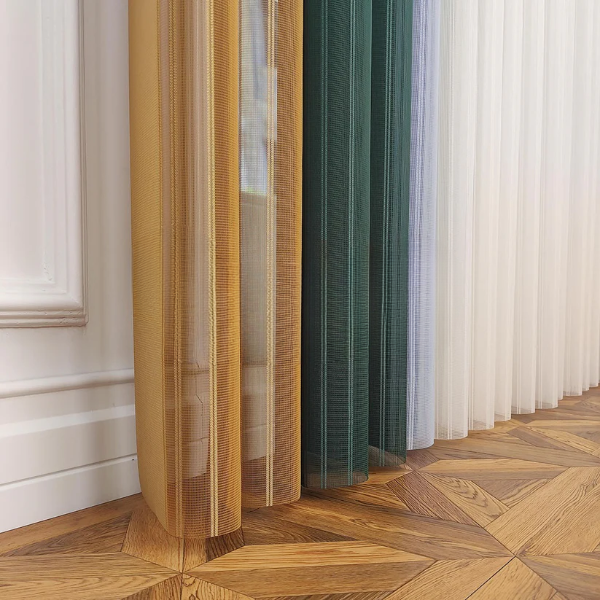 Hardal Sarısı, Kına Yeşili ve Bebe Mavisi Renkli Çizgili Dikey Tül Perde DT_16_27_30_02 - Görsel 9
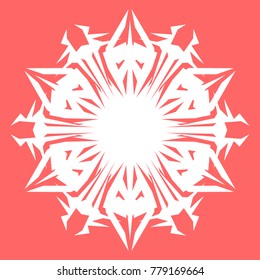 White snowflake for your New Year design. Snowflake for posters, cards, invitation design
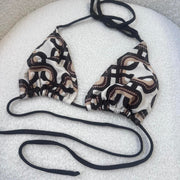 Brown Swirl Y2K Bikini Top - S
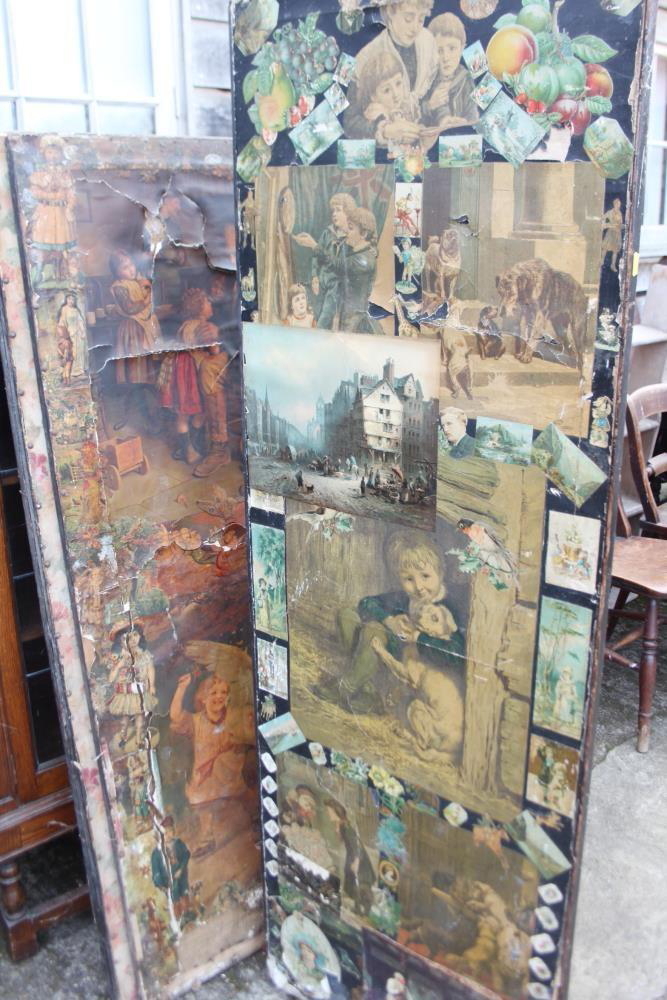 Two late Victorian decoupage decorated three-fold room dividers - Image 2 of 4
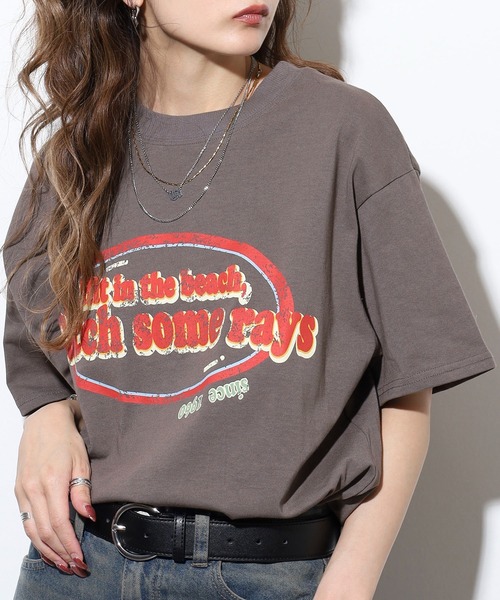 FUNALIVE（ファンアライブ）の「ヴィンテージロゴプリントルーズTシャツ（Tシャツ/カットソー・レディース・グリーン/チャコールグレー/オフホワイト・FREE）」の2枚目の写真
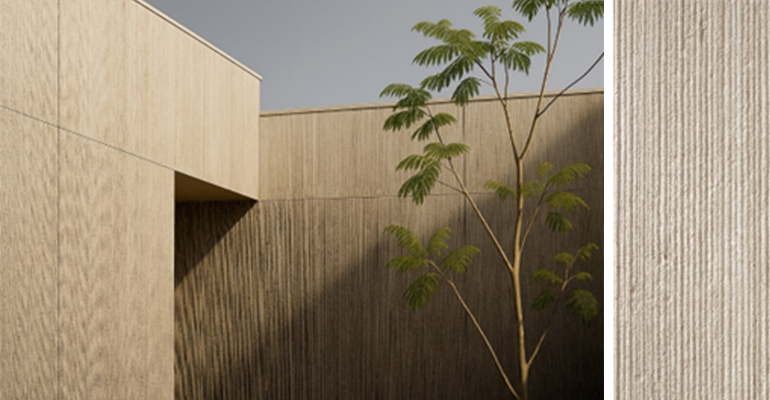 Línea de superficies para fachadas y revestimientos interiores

* * * *

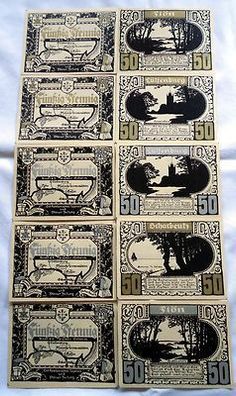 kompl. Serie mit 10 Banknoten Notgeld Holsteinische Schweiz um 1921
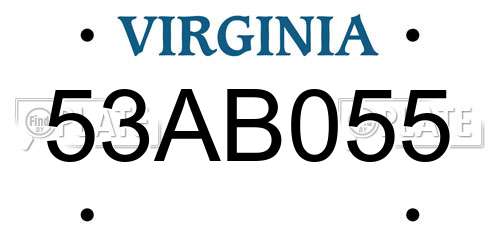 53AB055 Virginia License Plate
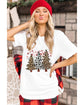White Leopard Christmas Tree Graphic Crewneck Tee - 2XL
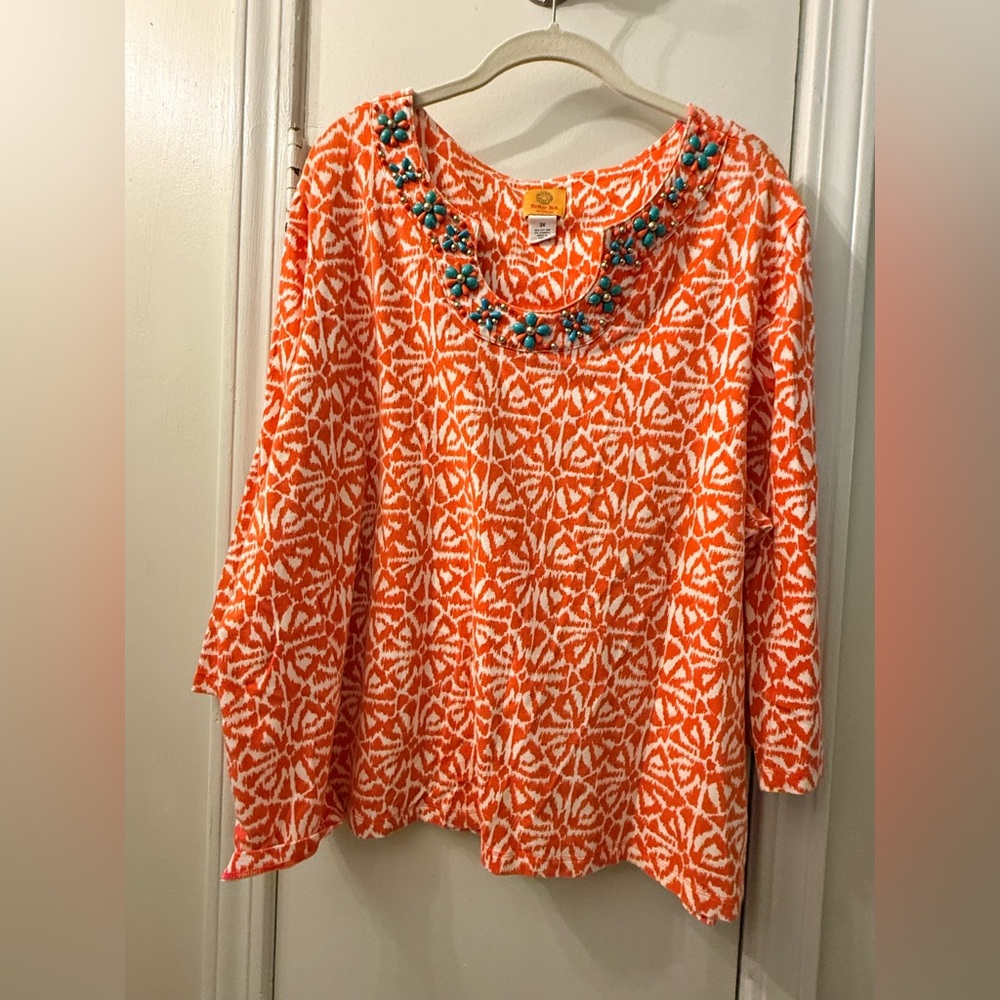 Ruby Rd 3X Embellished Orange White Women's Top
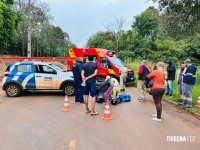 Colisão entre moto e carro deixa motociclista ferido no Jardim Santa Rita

* * * *

# Your objective
Your reply should hold nothing but the lines above, from the one containing "Hardal Sarısı, Kına" to the one containing "Línea de superficies", reproduced exactly minus the pictures.

# Solution to the problem
 Hardal Sarısı, Kına Yeşili ve Bebe Mavisi Renkli Çizgili Dikey Tül Perde DT_16_27_30_02 - Görsel 9
 White snowflake for your New Year design. Snowflake for posters, cards, invitation design
 Brown Swirl Y2K Bikini Top - S
 Two late Victorian decoupage decorated three-fold room dividers - Image 2 of 4
 FUNALIVE（ファンアライブ）の「ヴィンテージロゴプリントルーズTシャツ（Tシャツ/カットソー・レディース・グリーン/チャコールグレー/オフホワイト・FREE）」の2枚目の写真
 Línea de superficies para fachadas y revestimientos interiores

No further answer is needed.